Exercise details: In the listing below, the answer starts at the line that has "North By Urbanesq" and stops after the line that has "Dorothy Flex Brown Pumps"; please repeat that part exactly and nothing more.

Records for this exercise:
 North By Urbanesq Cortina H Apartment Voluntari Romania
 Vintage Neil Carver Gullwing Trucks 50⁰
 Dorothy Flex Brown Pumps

--

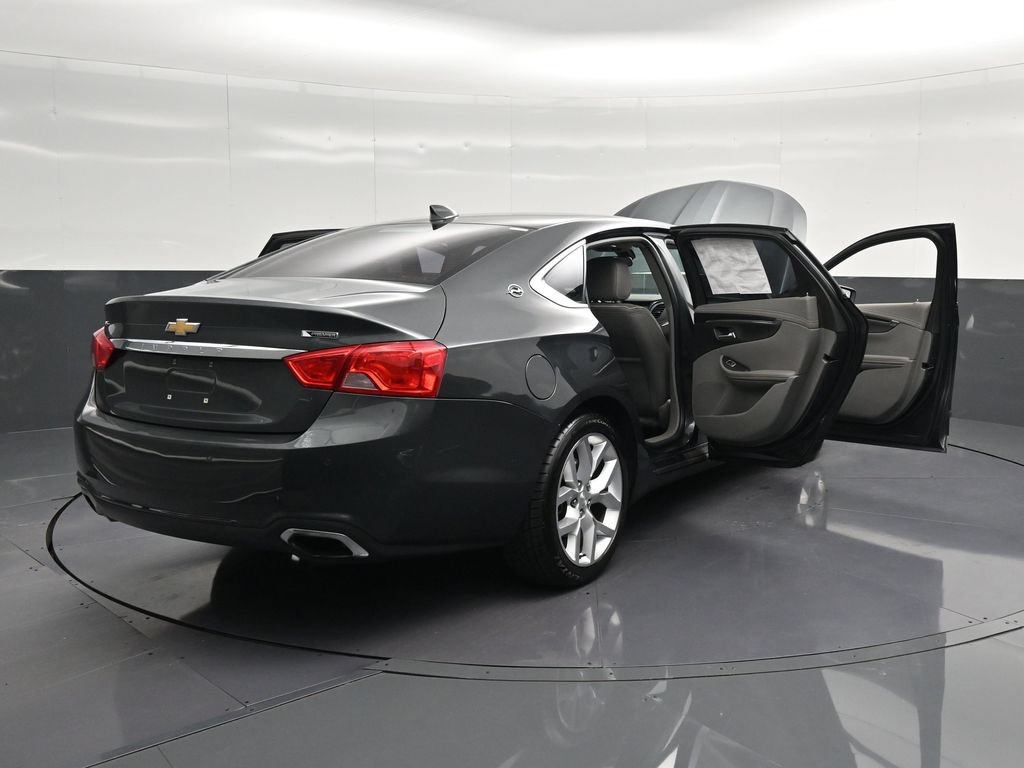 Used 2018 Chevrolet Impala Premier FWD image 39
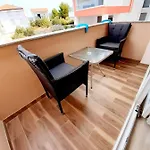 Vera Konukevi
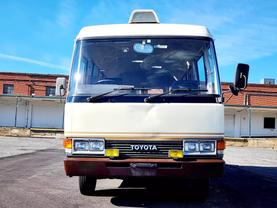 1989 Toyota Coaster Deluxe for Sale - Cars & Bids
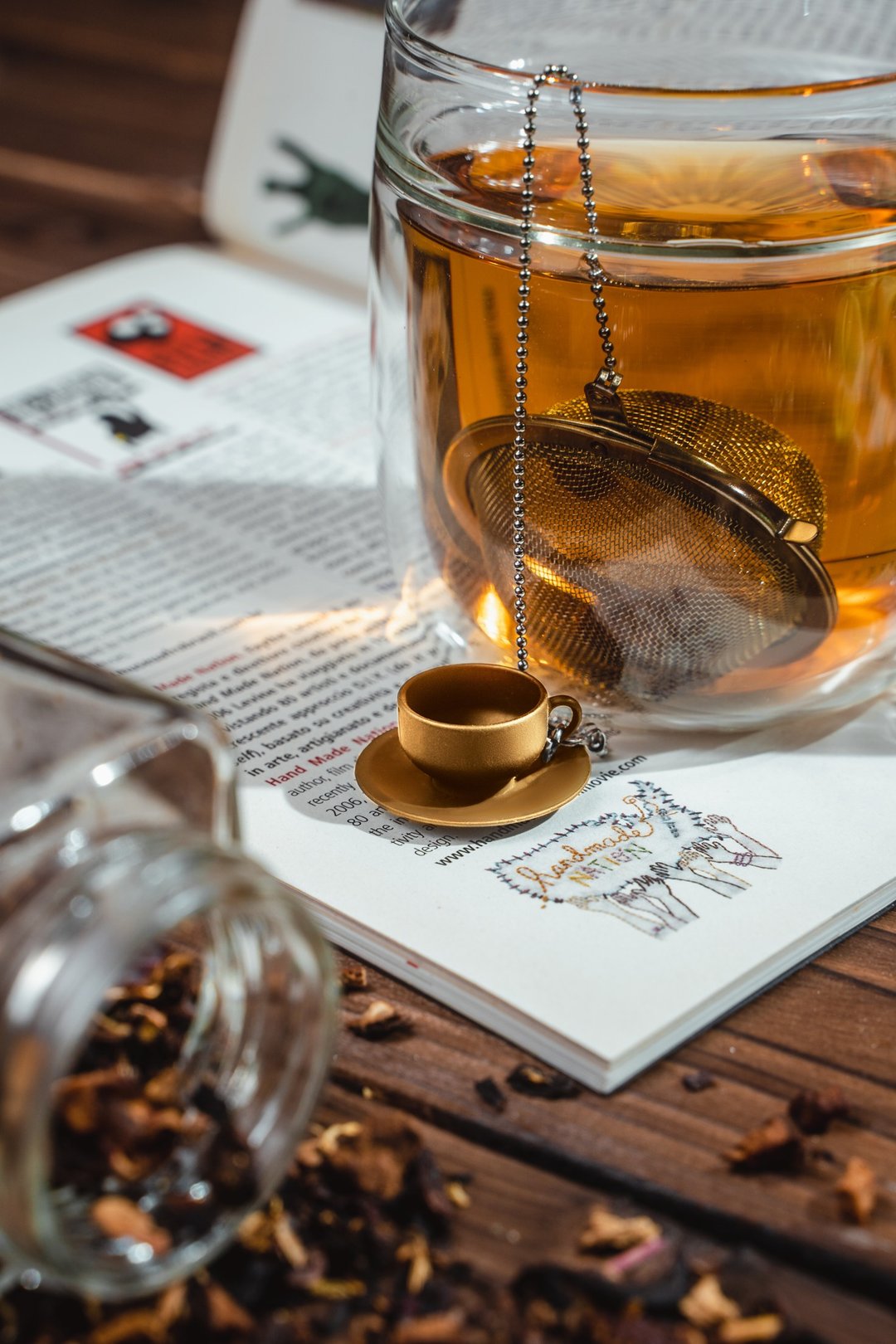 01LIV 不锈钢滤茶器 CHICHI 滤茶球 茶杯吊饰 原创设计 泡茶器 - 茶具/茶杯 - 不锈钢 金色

==

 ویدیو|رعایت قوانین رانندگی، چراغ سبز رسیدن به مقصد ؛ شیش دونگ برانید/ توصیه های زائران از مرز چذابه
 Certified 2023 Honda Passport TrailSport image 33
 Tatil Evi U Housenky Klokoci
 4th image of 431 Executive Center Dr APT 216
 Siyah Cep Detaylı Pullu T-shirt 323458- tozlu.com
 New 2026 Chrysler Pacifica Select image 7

Reply to the exercise:
 North By Urbanesq Cortina H Apartment Voluntari Romania
 Vintage Neil Carver Gullwing Trucks 50⁰
 Dorothy Flex Brown Pumps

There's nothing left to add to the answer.